START Data under study
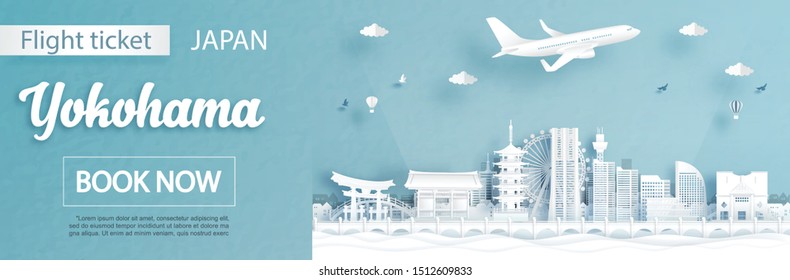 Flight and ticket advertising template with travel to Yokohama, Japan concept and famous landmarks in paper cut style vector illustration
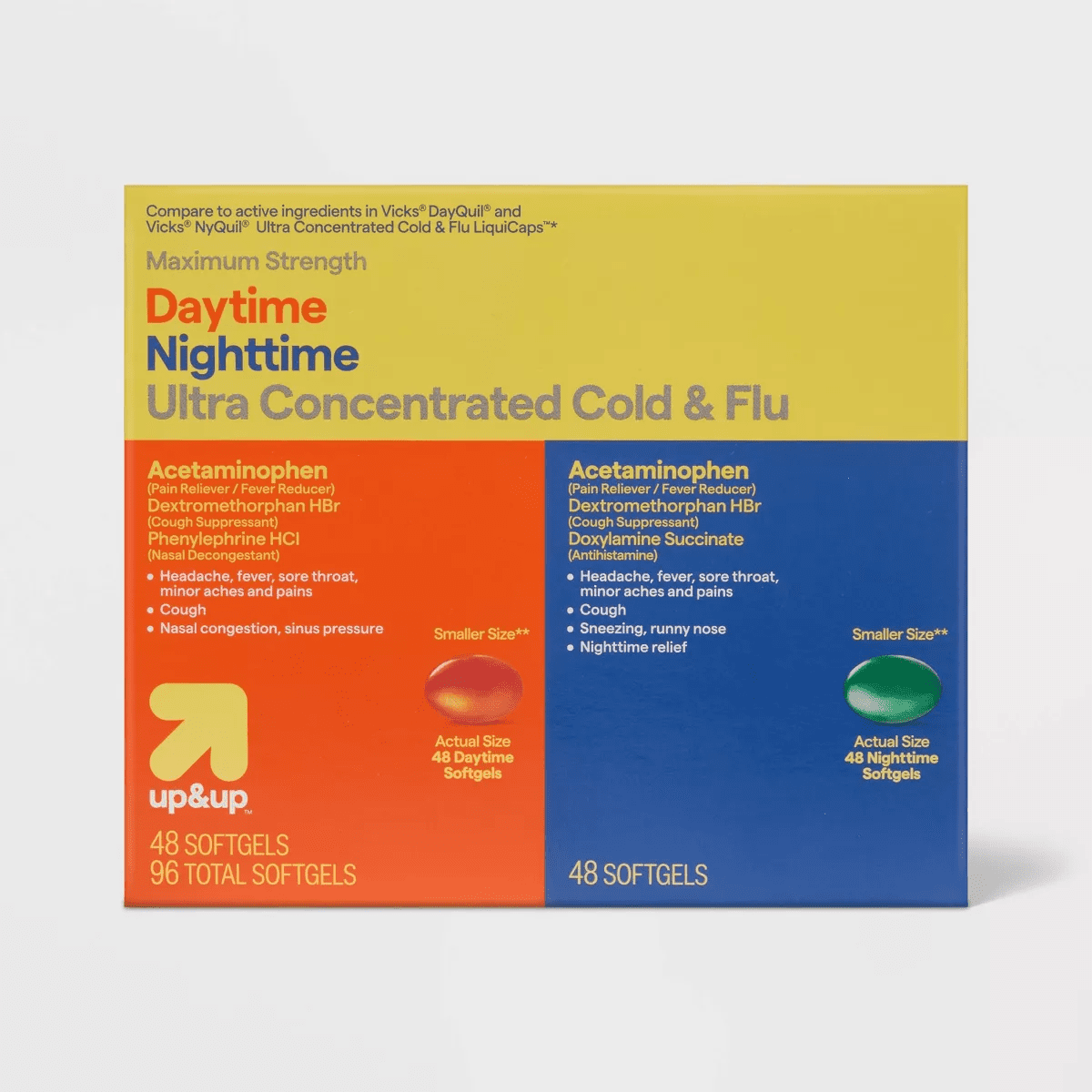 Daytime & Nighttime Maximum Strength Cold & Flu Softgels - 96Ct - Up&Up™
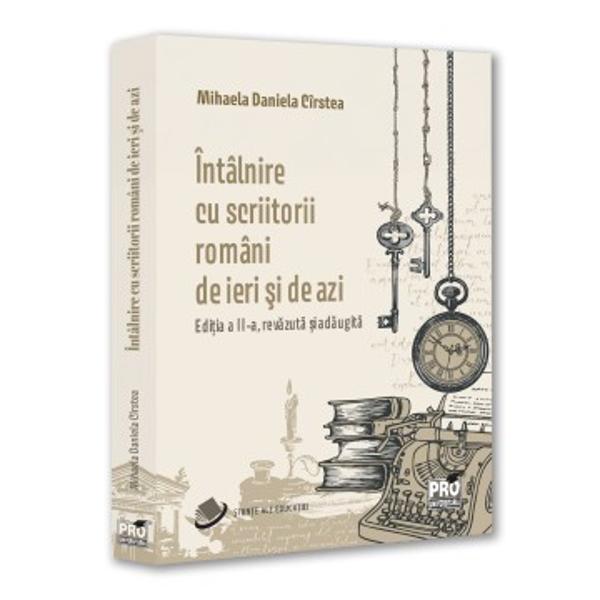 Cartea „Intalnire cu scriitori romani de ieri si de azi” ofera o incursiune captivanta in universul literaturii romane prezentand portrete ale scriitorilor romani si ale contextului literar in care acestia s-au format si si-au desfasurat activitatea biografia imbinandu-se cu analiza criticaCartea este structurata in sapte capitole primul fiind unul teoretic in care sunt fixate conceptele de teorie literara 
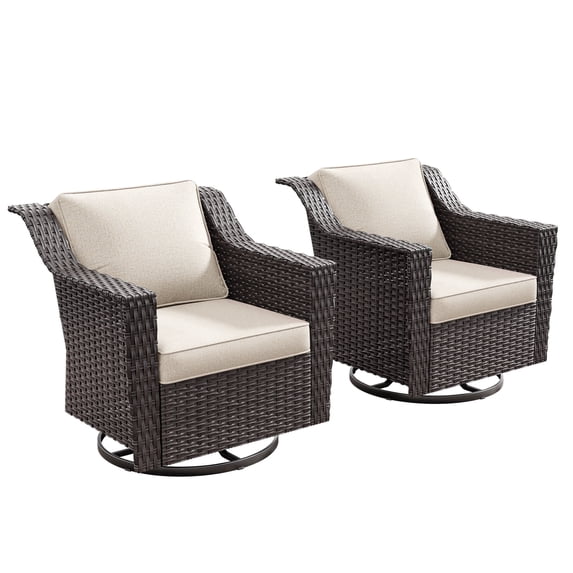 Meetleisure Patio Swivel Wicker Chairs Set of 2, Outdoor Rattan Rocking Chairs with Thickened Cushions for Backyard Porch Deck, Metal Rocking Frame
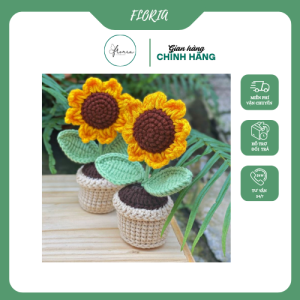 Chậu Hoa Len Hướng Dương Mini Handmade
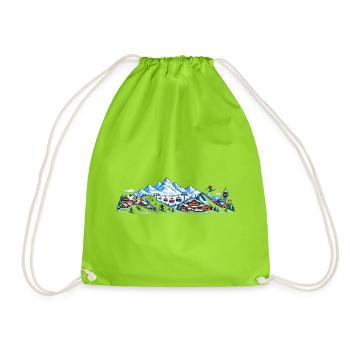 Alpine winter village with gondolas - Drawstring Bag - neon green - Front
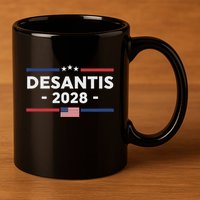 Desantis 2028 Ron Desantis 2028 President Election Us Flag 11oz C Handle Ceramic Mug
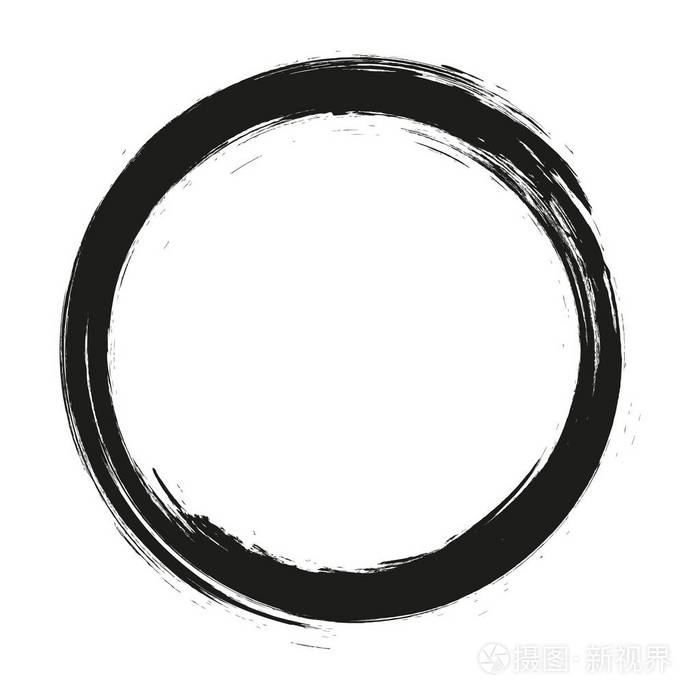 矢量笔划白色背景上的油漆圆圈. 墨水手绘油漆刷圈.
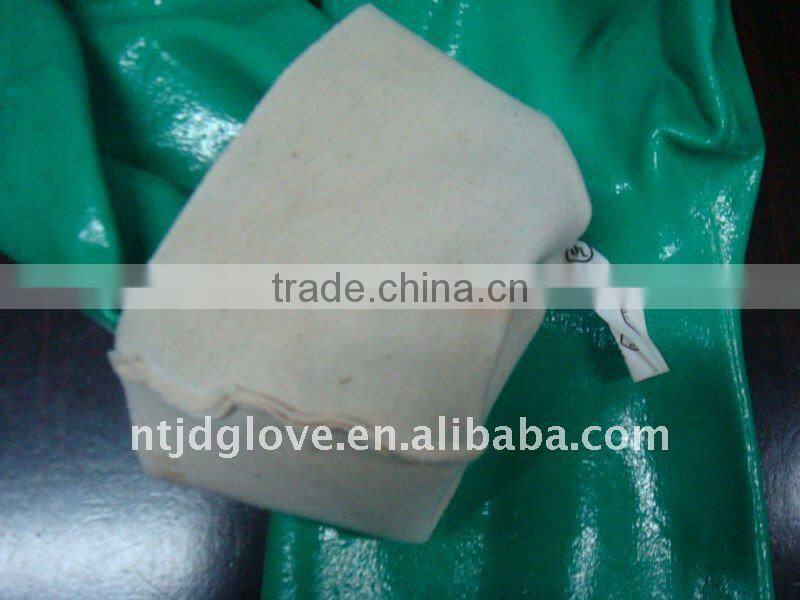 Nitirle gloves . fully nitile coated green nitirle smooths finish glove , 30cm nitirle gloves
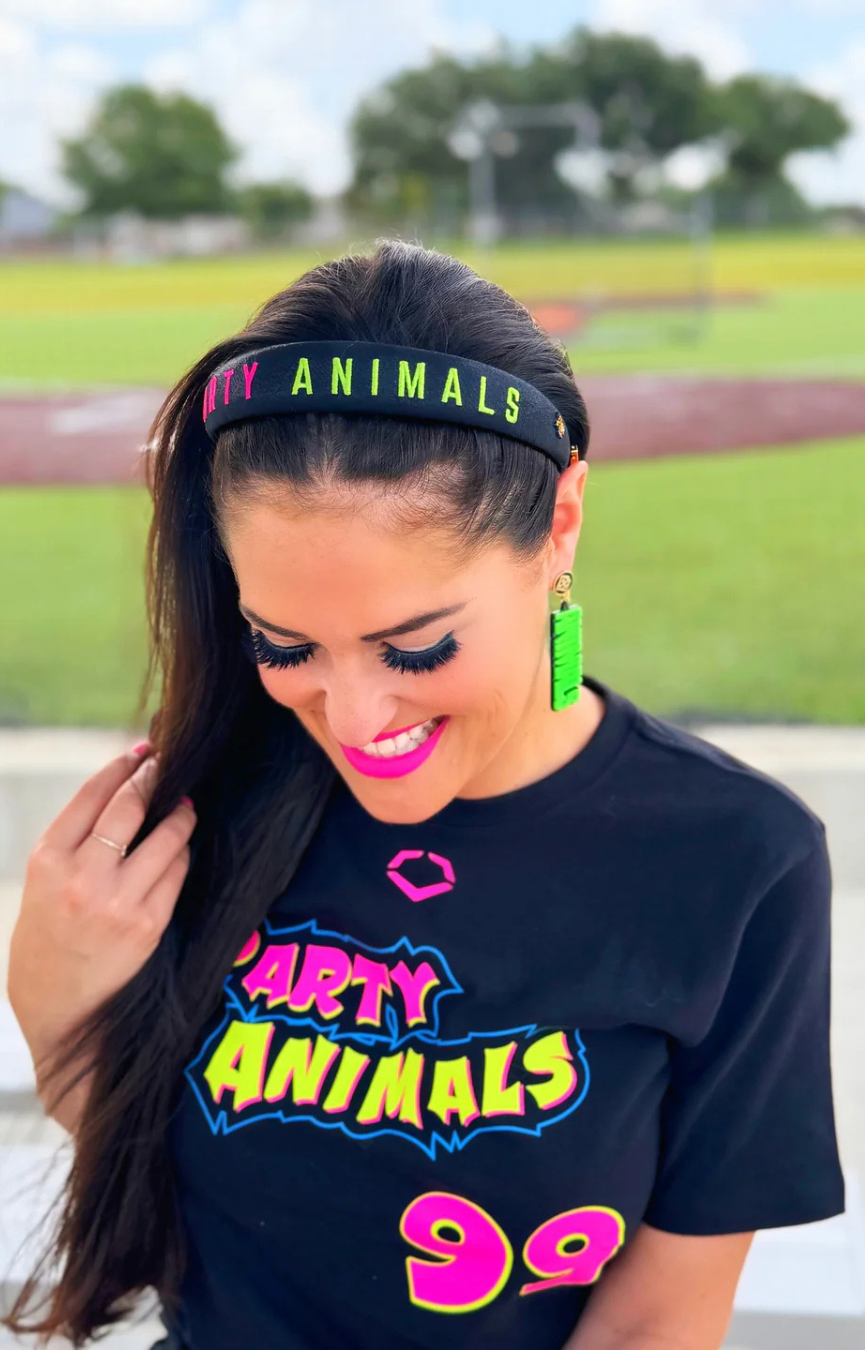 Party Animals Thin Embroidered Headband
END Data under study
§ Problem
From the first line to the last, output the data exactly; skip any pictures.

§ Result
 Flight and ticket advertising template with travel to Yokohama, Japan concept and famous landmarks in paper cut style vector illustration
 Daytime & Nighttime Maximum Strength Cold & Flu Softgels - 96Ct - Up&Up™
 Cartea „Intalnire cu scriitori romani de ieri si de azi” ofera o incursiune captivanta in universul literaturii romane prezentand portrete ale scriitorilor romani si ale contextului literar in care acestia s-au format si si-au desfasurat activitatea biografia imbinandu-se cu analiza criticaCartea este structurata in sapte capitole primul fiind unul teoretic in care sunt fixate conceptele de teorie literara 
 Meetleisure Patio Swivel Wicker Chairs Set of 2, Outdoor Rattan Rocking Chairs with Thickened Cushions for Backyard Porch Deck, Metal Rocking Frame
 Chậu Hoa Len Hướng Dương Mini Handmade
 Alpine winter village with gondolas - Drawstring Bag - neon green - Front
 Desantis 2028 Ron Desantis 2028 President Election Us Flag 11oz C Handle Ceramic Mug
 矢量笔划白色背景上的油漆圆圈. 墨水手绘油漆刷圈.
 Nitirle gloves . fully nitile coated green nitirle smooths finish glove , 30cm nitirle gloves
 Party Animals Thin Embroidered Headband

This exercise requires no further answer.